The information security community is comprised of many information security experts. Some of them enjoy public recognition of their expertise and form an informal group I call securigentsia. These individuals participate in meaningful public discourse and are generally perceived as improving the state and understanding of information security practices.
As I continue to engage in writing and public speaking activities myself, I wonder: To what extent is being recognized for one’s expertise necessary for professional success? Is the quest for notoriety fueled merely by one’s vanity, or is this tactic essential to making a difference in the security industry?
If a Tree Falls in the Forest…
We want to be heard. Perhaps that’s why the number of bloggers has gradually increased among adults over the age of 33 according to a study by PewResearchCenter. (The number of younger bloggers subsided as they switched to social networking for on-line interactions.)
If an expert makes a discovery that can drastically improve the state and understanding of infosec practices, can he or she make a difference if no one hears about it? Writing on-line—assuming that the text is read by someone—is one way to gain public recognition of the person’s expertise. Growing one’s readership increases the likelihood of being heard.
Marketing One’s Expertise On-Line
Having a respectable on-line persona has become essential for building one’s professional reputation. After all, it’s common practice to Google the person to find out who he or she is. In addition, building an on-line profile that describes one’s projects and achievements is critical for those who understand the decreasing importance of resumes during a job search.

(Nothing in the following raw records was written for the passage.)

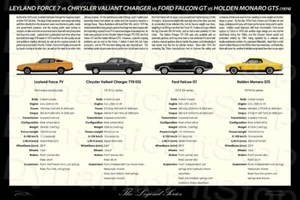 Leyland Force 7 Compare History Chart-Leyland timeline Sign-Australian Made - Picture 1 of 1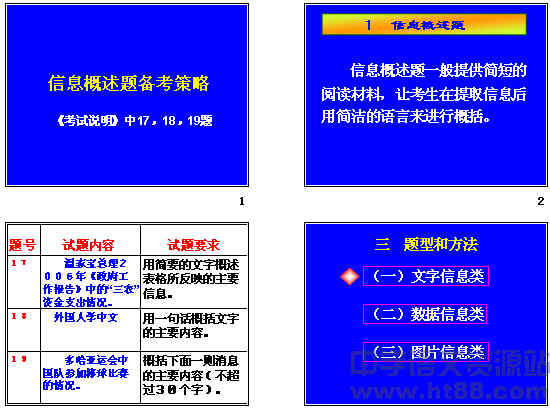 鿴Ԥͼ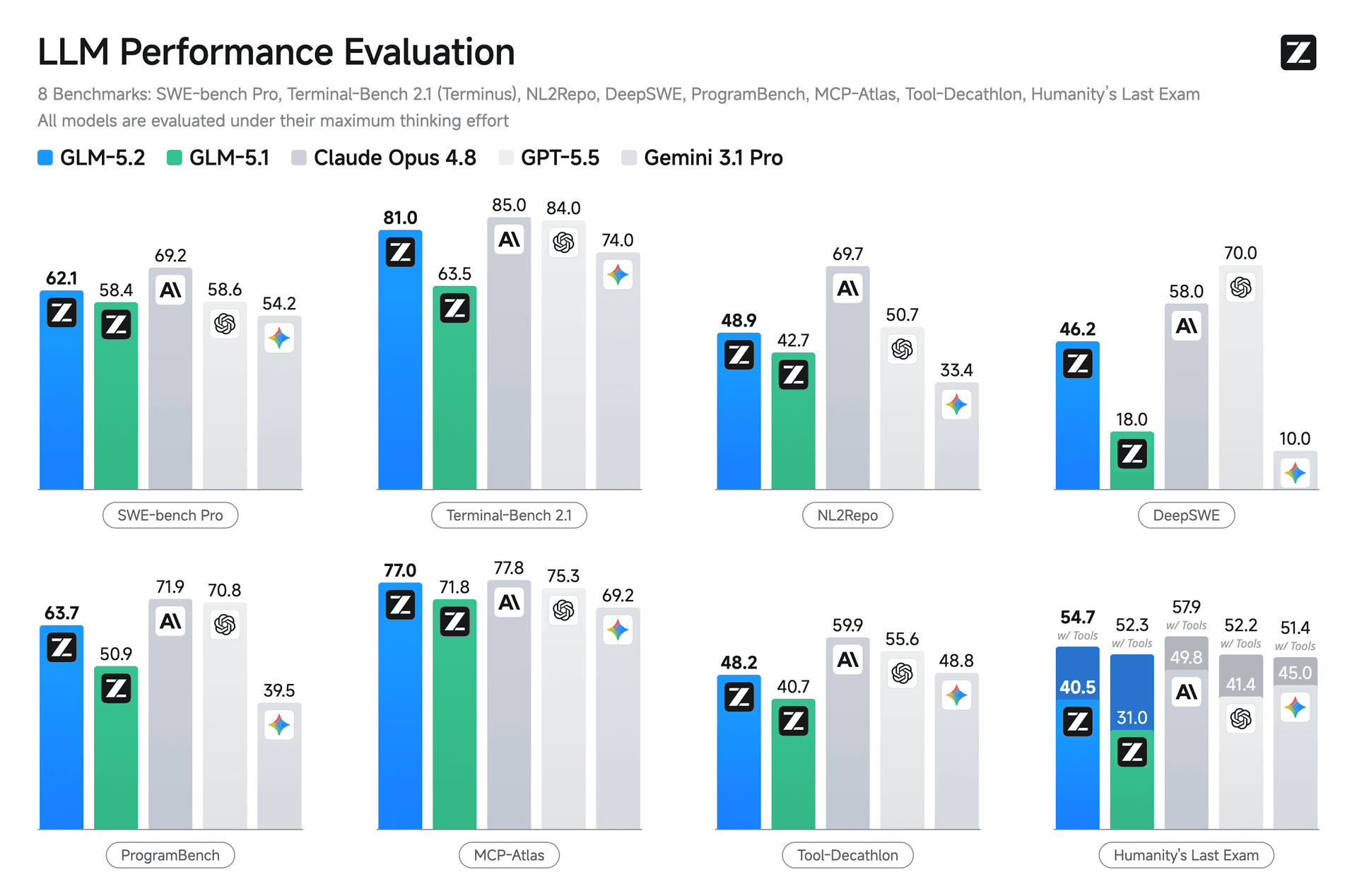 benchmark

Boasting one’s expertise is in conflict with the character of many information security professionals. Yet, there appears to be value in assigning oneself a label such as “guru”: Dan Zarrella’s research of on-line social networking practices showed that “Twitter accounts that use the word ‘guru’ tend to have 100 more followers than the average Twitter account.”
Even those who don’t feel right calling themselves “gurus” usually find it acceptable to create a professional bio that describes their accomplishments in a third voice and using a factual tone. The practice of including such bios in one’s profile has become commonplace.
Another way of marketing oneself on-line without actively boasting one’s accomplishments is writing articles and releasing projects that people find useful, thus allowing one’s work to “speak” on behalf of its author. If you have expertise in a particular area of information security, you can contribute to the community’s knowledge base by sharing your insights.
Getting Side-Tracked by Notoriety
In a paper about the role of deliberate practice in the acquisition of expert performance, the authors quote an earlier study of visual artists. According to the study, most of its subjects were drawn to painting because it allowed social isolation. However,
“Aspiring painters have to promote social relations with art dealers, art critics, and buyers to gain notoriety, increase the demand for their art, and generate sufficient sales for full-time artistic activity. Failure to do so forced many of the best artists to take another job unrelated to painting.”
Similarly, information security experts striving for notoriety might get side-tracked. Gaining and maintaining the public’s attention takes effort that might divert the person’s attention from the domains where he or she achieved expertise.
It’s strange to be writing about this topic when I am putting effort into researching and documenting security topics that, I hope, strengthen my own information security “brand.” Sorry for the somewhat disjointed thoughts on this matter, as I am still trying to make sense of the irresistible lure of notoriety.